El doctor me miró, sus ojos llenos de lástima.

—Señora Carrillo, los riesgos son inmensos. Forzar un aborto y luego someterse al procedimiento de médula... podría dejarla permanentemente incapacitada para tener más hijos. Incluso podría ser fatal.

—Hágalo —dijo Julio, su voz sin dejar lugar a discusión—. Kenia está esperando.

No podía respirar. El aire en mis pulmones se convirtió en veneno. Este era su amor. Esta era su compasión. Mataría a nuestro hijo no nato y arriesgaría mi vida por una mujer que fingía una enfermedad terminal. Por una mentira.

Yací allí, paralizada. Mi cuerpo estaba roto, pero mi mente estaba de repente, terriblemente clara. La parte de mí que había amado a Julio Carrillo, la parte que lo había perdonado, la parte que había tenido esperanza, todo murió en esa estéril habitación de hospital. Se hizo cenizas y se desvaneció.

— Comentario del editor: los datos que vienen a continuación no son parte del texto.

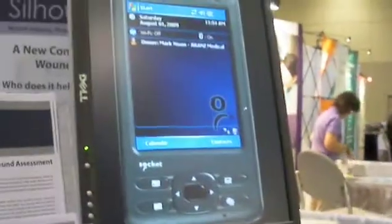Hello, my name is Mark and I'm going to demonstrate to you the Silhouette Mobile. Silhouette Mobile is a wound imaging and documentation system which creates a 3D model, allowing us to make accurate area and depth measurements. It is based on a PDA platform.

Me prepararon para la cirugía. Llevaron mi camilla por el largo y blanco pasillo. Julio caminó a mi lado por un momento. No me tomó la mano. No me miró a los ojos.

Solo dijo:

—Es por el bien de todos, Florencia. Algún día lo entenderás.

No dije nada. Solo miré los azulejos del techo, contándolos mientras pasaban. Uno por uno.

La aguja de la anestesia entró en mi brazo. Mientras el líquido frío se extendía por mis venas, sentí una extraña sensación de paz. Este era el final. Y el principio.

Perdí el conocimiento.

Cuando desperté horas después, el mundo era una sinfonía de dolor. Un dolor profundo y hueco en mi abdomen. Una agonía aguda y profunda en mi cadera, de donde habían sacado la médula.

Mi bebé ya no estaba.

Yací allí, con los ojos abiertos y vacíos, mirando la pared en blanco. Lentamente levanté una mano y la puse sobre mi vientre. Estaba plano. Vacío.

Una sola lágrima se deslizó por mi sien y se perdió en mi cabello. Solo una.

Luego, con una calma que me asustó incluso a mí, alcancé el teléfono en la mesita de noche. Revisé mis contactos, pasando todos los nombres de la vida que había construido, hasta que encontré un número al que no había llamado en diez años.

La voz de un hombre, profunda y familiar, respondió al primer timbrazo.

—¿Florencia?

Mi propia voz era un susurro seco.

—Papá.

—Estoy aquí, mi amor. Estoy aquí.

—Quiero ir a casa —susurré.

—Ya vamos en camino. El jet está listo.

—Bien —dije. Mis ojos seguían fijos en la pared, pero podía ver el rostro de Julio. Podía ver la sonrisa de Kenia—. Solo hay algunas cosas de las que necesito encargarme primero. Personalmente.

Durante diez años, había huido del apellido Hortón. Había ocultado mi herencia, mi poder, mi verdadera identidad, todo porque fui una tonta que creía que el amor tenía que ganarse. Pensé que si construía mi propio mundo, sería digna.

Miré mi cuerpo roto, mi vientre vacío. Pensé en mi hija aterrorizada. Pensé en el hombre que había amado, el hombre que había intentado asesinarnos a mí y a mis hijos por su obsesión.

Estaba equivocada en todo. Pero, sobre todo, estaba equivocada sobre mí misma.

Florencia Whitehead estaba muerta. Murió en esa mesa de operaciones.

La heredera de los Hortón, sin embargo, apenas estaba despertando. Y iba a reducir su mundo a cenizas.